Designing Good Web APIs

I am not going to claim eons of experience in designing good APIs. I am going to approach it from the background of a developer who has to use and integrate with them.

What makes a good API? Here are some of my tenets:

1. Make your API calls as RESTful-like as possible

Because this term has evolved quite a bit I am going to stick with the primarily principles. Make API calls nouns describing "what" and not "do something".

2. API calls should have defaults.

Don't give me 100 required parameters just to see some action. Try as hard as you can to give me a basic call so I know I am doing something right. Along with this is to keep a minimum of API calls. The more calls you have documented the more I have to figure out which one it is I am suppose to be calling to get the right information. This is an area where I actually do want to be spoon-fed.

3. Use HTTP basic over SSL for authentication.

If you have the time and energy also support OAuth. The reason I hesitate with going straight to OAuth is because if you are just building an API your resources are probably limited. You are going to make mistakes. Getting it up and running with the lowest (and secure) common denominator is key.

Also use dedicated API keys that consist of an ID and a shared secret. Make sure these can be rolled.

4. Make your return format JSON.
For the love of god please don't use XML.

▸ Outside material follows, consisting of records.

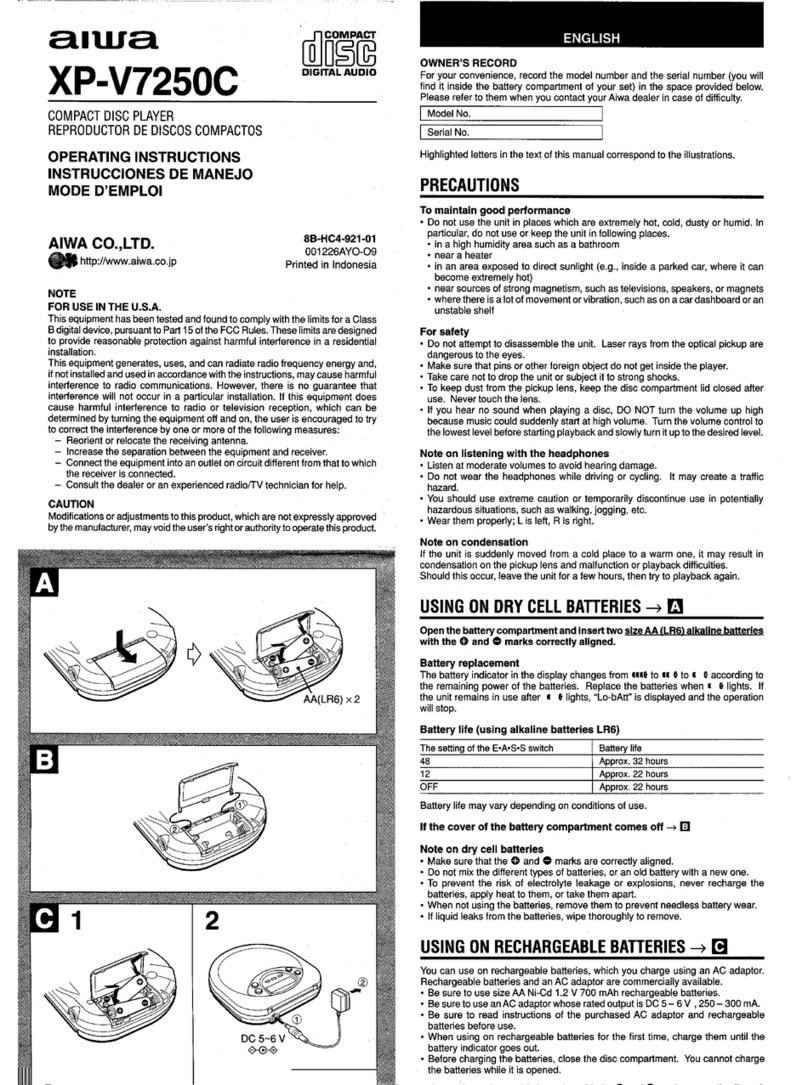 Aiwa XP-V7250C operating instructions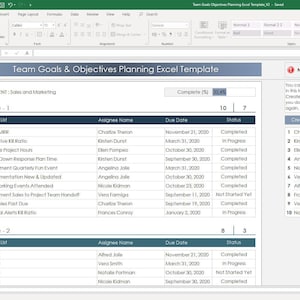 Team Goals & Objectives Planning Excel Template Planner Worksheet Excel ...
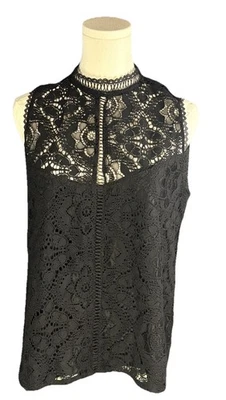 Blusa gótica BB Dakota para mujer M negra de encaje espalda abierta sin mangas cuello falso Foto 1 de 4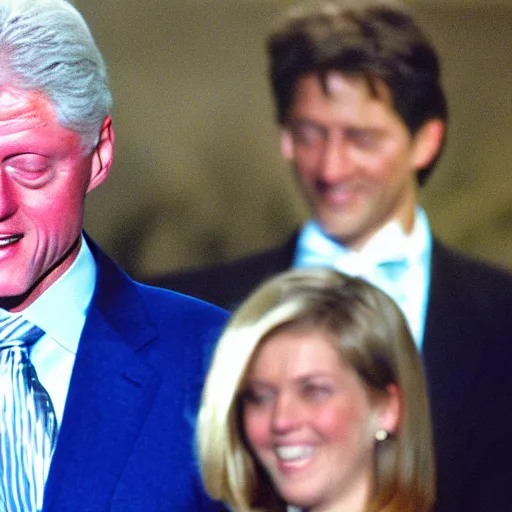 Prompt: bill clinton wearing blue dress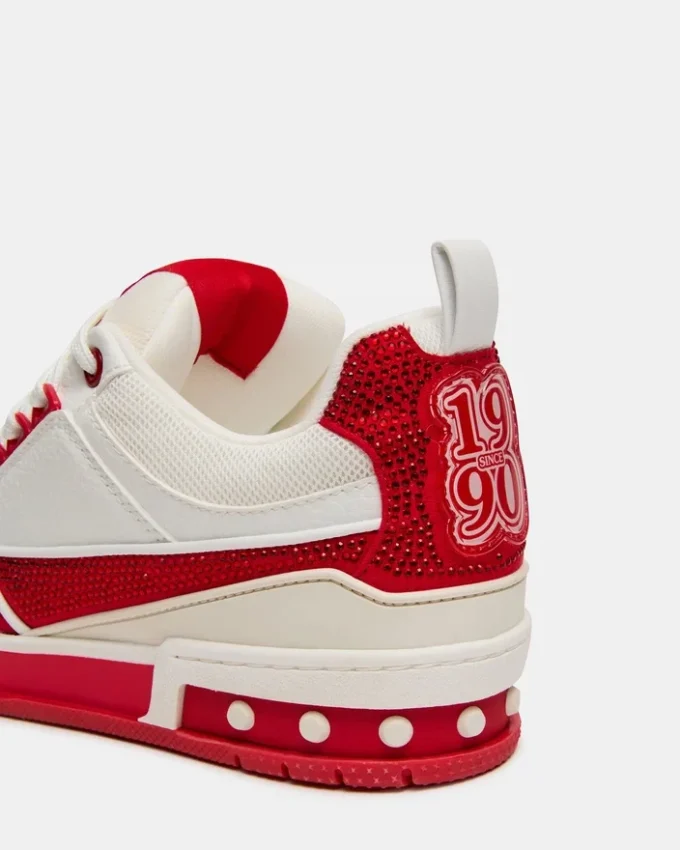 Skater Rød/Hvid Rhinestones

5. Version your API call in the end point:

/api/1.0/user/3
/api/2.0/user/3

6. Make the calls easily testable.

To me this means I can plug it into a web browser, type in some credentials, and get a response back. As a developer this makes me feel good early on.

7. Document your API calls with examples.

Especially the ones where I can click on a link and it does an API call for me. This is also great for testing your call.


A number of these guidelines are geared heavily to web development. If you are designing an API for a message passing system with latency and size requirements a good deal of this would change.